En Dubái el asunto no pintaba nada mal mediado el tercer cuarto. En ese momento el Real Madrid mandaba por trece puntos (44-57, min 25) y la sensación es de que tenía el partido controlado. O, al menos, que podía sentenciarlo cuando quisiera, porque ya había mostrado algunas desconexiones y había encontrado la manera de volver a poner distancia en el marcador. No era un juego para tirar cohetes, pero parecía bastar para sumar un triunfo valioso en una cancha que es nueva pero no fácil precisamente. El problema para los de Scariolo es que con esa ventaja cómoda llegó otra desconexión y ahí sí que ya entró en el partido el Dubái para llevárselo de manera contundente, poniendo toda la intensidad posible, a un nivel donde el Madrid no encontró forma de llegar. Es cierto que el primer duelo de segundas unidades lo había ganado de sobra el equipo local, pero es que con el paso de los minutos fue abrumadora la superioridad de los hombres de banquillo que vestían de blanco. 42-21 fue el resultado final de los puntos de los jugadores no titulares, con Procida, Llull, Lyles y hasta Garuba influyendo muy poco en el partido. Todo lo contrario que Caboclo, que enchufó dos triples y puso un taponazo que abrió la remontada de los locales.

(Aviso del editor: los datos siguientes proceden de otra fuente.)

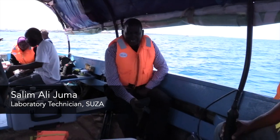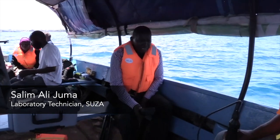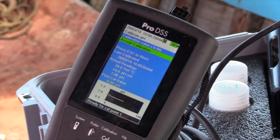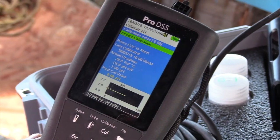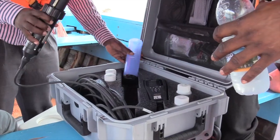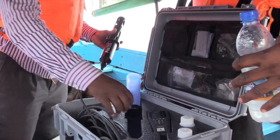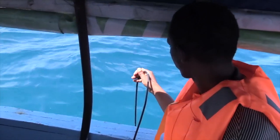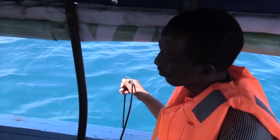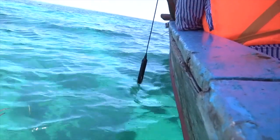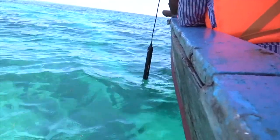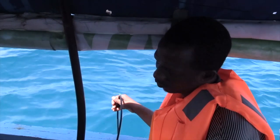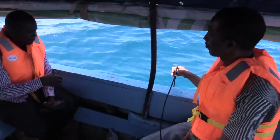Here we are at the next station and we are going to take measurements of different parameters. We have our multi-sonde instrument here — this is the computer part and that is the probe. We have to insert the probe into the water, starting at the water surface and then moving it down to approximately five to ten meters. Sampling is now in process.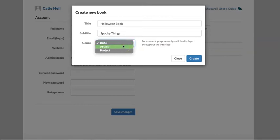These options do not change the way Scalar functions. Scalar simply wants to know how it should refer to the item you're creating in the editing interface. Select the kind of item you'd like to create. Book is the most common.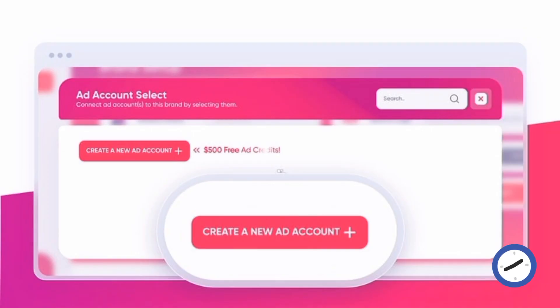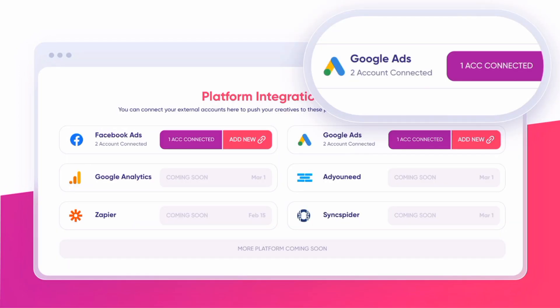Ad Creative is one of the verified Google partners. They give new members ads credits worth $500 for free. They are also integrated with Facebook Ads and are verified partners there too.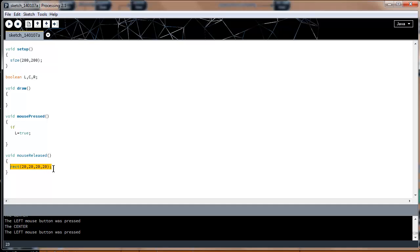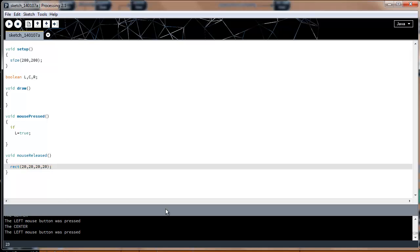In the future, inside mousePressed and mouseReleased, we'll be making boolean assignments — true or false — not executing large sets of instructions, as that's improper syntax. Anyway, that's all I have for this tutorial. Please subscribe, comment, like, and share. I very much appreciate it, and I'll see you guys in the next Processing tutorial.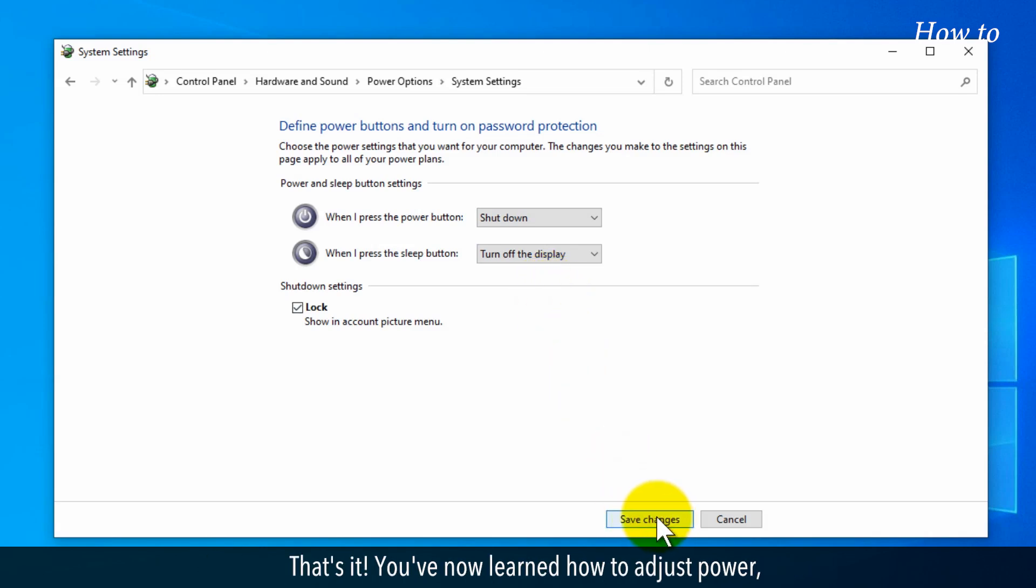That's it! You've now learned how to adjust power, standby, hibernate, and sleep settings on your computer.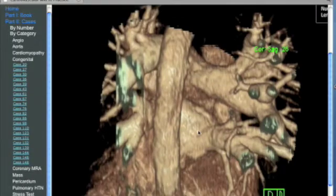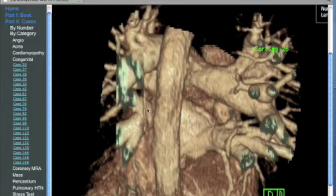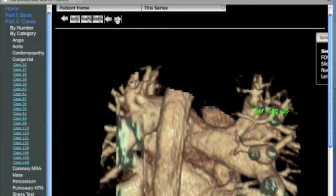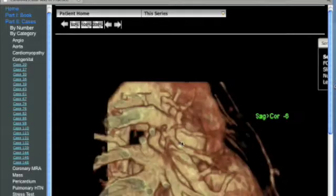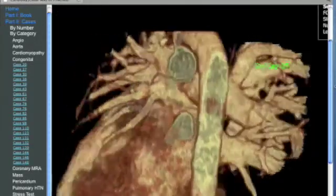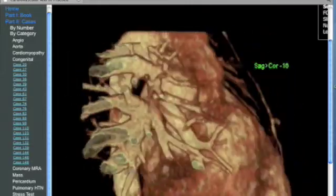A volume rendered image from the posterior margin of the left atrium indicates that the left lower and upper lobe pulmonary veins have a conjoined entrance, while the right lower lobe pulmonary vein inserts into the left atrium, but no right upper lobe pulmonary vein is seen to insert, as it is inserting onto the superior vena cava as previously demonstrated. This is confirmed on the volume rendered images.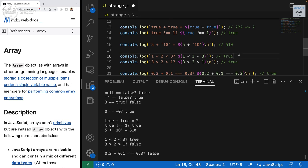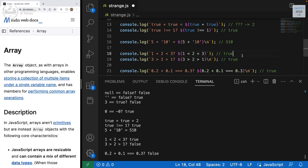Five (number) plus ten (string) gives '510' — they are both converted to string and concatenated. One less than two less than three is true as predicted. Three greater than two greater than one is false — because it's evaluated pair by pair: three > two gives true, true is converted to one, and one > one is false.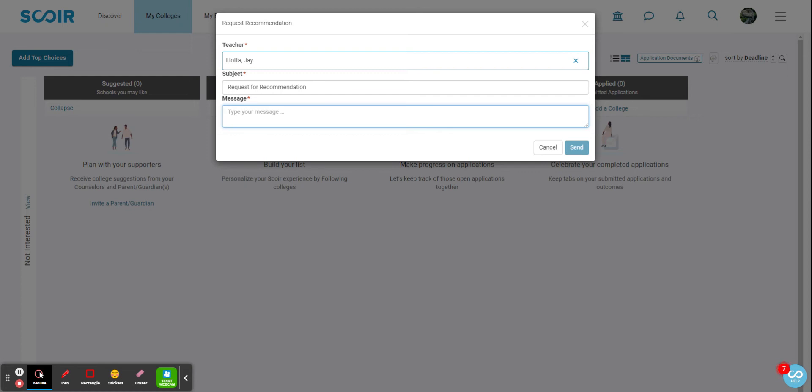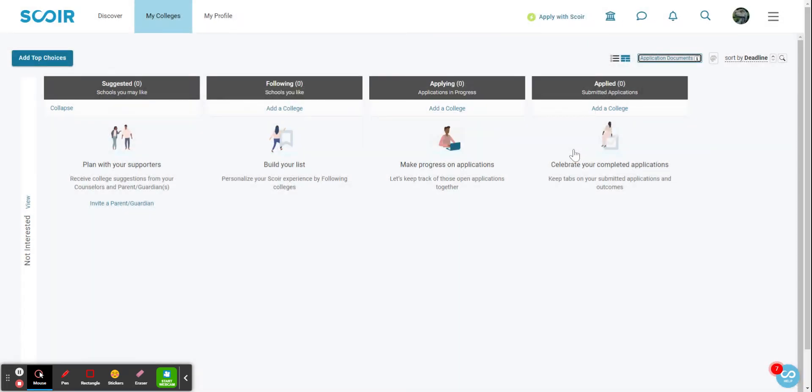Coach about writing a letter of recommendation for Chance. So I'm just gonna put in this message: 'Thanks for agreeing to write my recommendation!' I like exclamation points. You don't necessarily need to do that. And then send, and so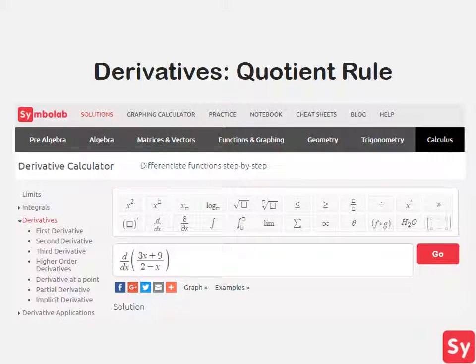Hey guys, it's Leah. Today we will learn how to compute derivatives using the quotient rule.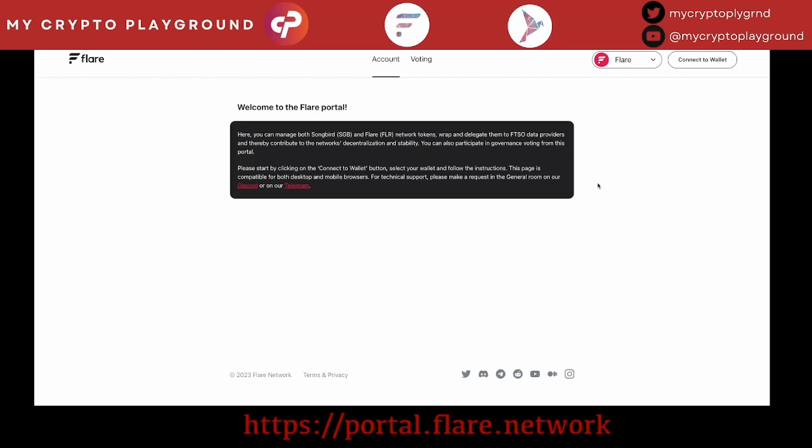Hey everyone, this is Don with MyCryptoPlayground. Thanks for joining me on my channel. Today we're doing a quick video on how to vote for FIP01 for Flare Network. If you guys don't know what that is, just search FIP01 for Flare.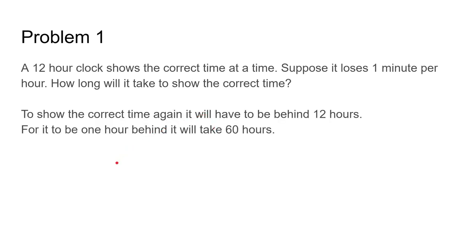To show the correct time again, it will have to be behind 12 hours, because it's only a 12 hour clock. For it to be 1 hour behind, it will take 60 hours.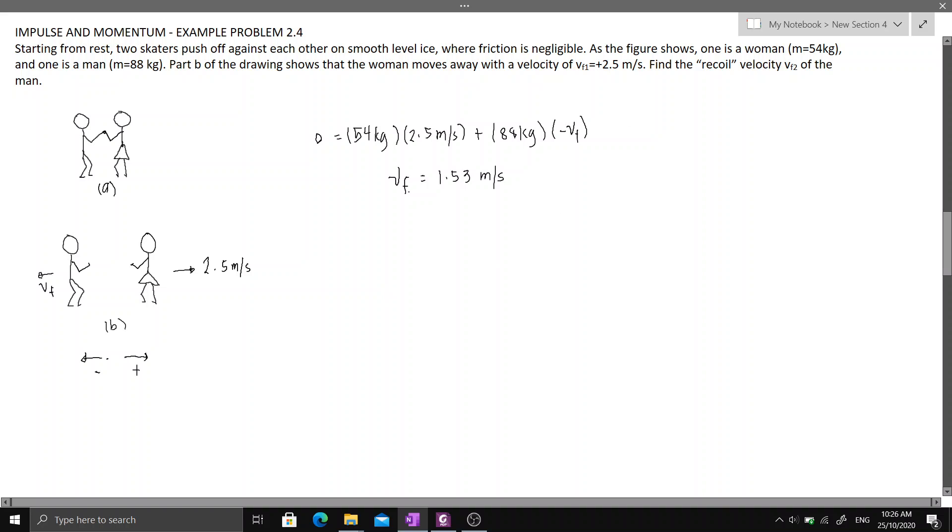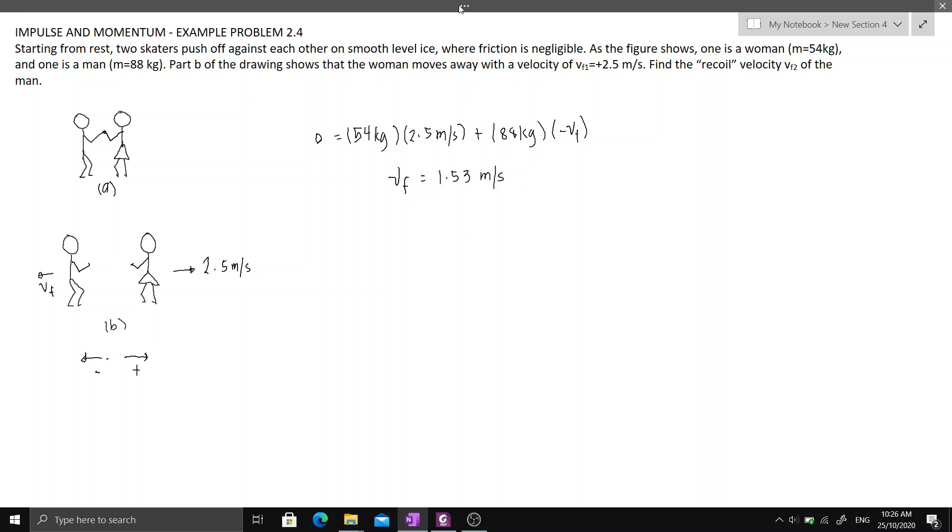This should be negative since it is going to the left. But we already considered the negative sign here in the equation. So what we have is positive. That means our assumption is correct.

Dzanan Musa no venía del banquillo, pero dio igual. Fue de menos a más para acabar con 20 puntos y demostrar que estaba motivado en la visita de su exequipo. En el último cuarto se encargó de forzar faltas para irse a la línea de tiros libres y con ese intercambio de canastas el Dubái alcanzó la orilla con bastante tranquilidad y un público ya encendido, mientras el Madrid daba una sensación que ya ha mostrado otros días, como de irse del partido y cuando quiere volver, a no sabe cómo. El parcial de los últimos 15 minutos fue un abrumador 49-28, que deja a las claras el desmoronamiento de los hombres que vestían de azul. Campazzo tiró de los suyos todo lo que pudo, pero más allá de algunos triples lejanos de Hezonja, nunca encontró ayuda suficiente y constante.
Le dio al Madrid para una buena puesta en escena (11-19 min 10) y para esa escapada en el comienzo del tercer cuarto. Pero hasta ahí llegó un equipo que en casa sí está entre los cuatro primeros, pero que lejos de su pabellón está estropeando su hoja de servicios.